Theresa Breslin on a book whose atmosphere seeps into your life…
This remarkable book seduced me with the very first sentence: ‘Now I would like to tell you about my brother, Tin.’ The voice is that of Harper Flute relating her childhood in rural Australia between the two World Wars when her father, a scarred survivor of WW1, brings his family to live on an almost unsustainable parcel of land during the Great Depression. Tin, Harper’s young brother, becomes obsessed with tunnelling beneath the earth.
The writing never falters. The book has an immensely powerful realisation of place, compelling characters, soul tearing moments, and atmosphere that seeps into your life. Hartnett’s plain way of recounting this story is underpinned by a composite mastery of the art of creative writing.
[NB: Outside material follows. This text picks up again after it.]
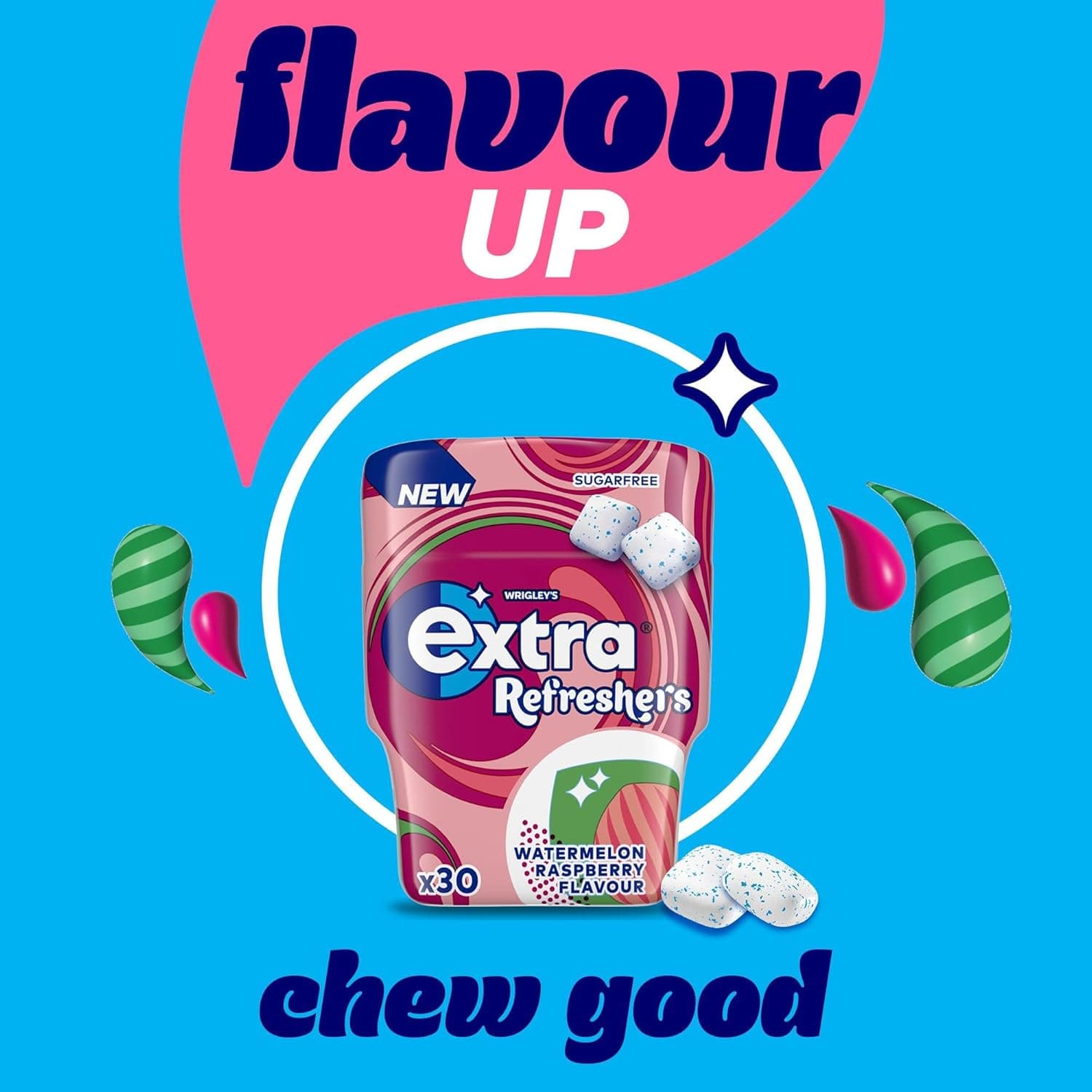 Extra Refreshers Watermelon Raspberry Flavour Sugarfree Chewing Gum, 30 Pieces. Intense, Long-lasting flavour : Amazon.co.uk: Grocery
At the end of the book, as her brother Tin digs on, ‘past the bones of cavemen and dragons’, Harper Flute, now grown up and moved away from the family farm to live beside the ocean, tells us that she misses him. In her memory he is still a boy. Harper realises that she also misses the little girl who stayed behind, the child whom she once was.
When I finished this book and put it down I experienced my own sense of loss. I picked it up to read again.
Thursday’s Child by Sonya Hartnett is published by Walker Books (0 7445 5996 0, £4.99 pbk). Theresa Breslin’s latest book is Saskia’s Journey (Doubleday, 0 385 60482 3, £10.99 hbk).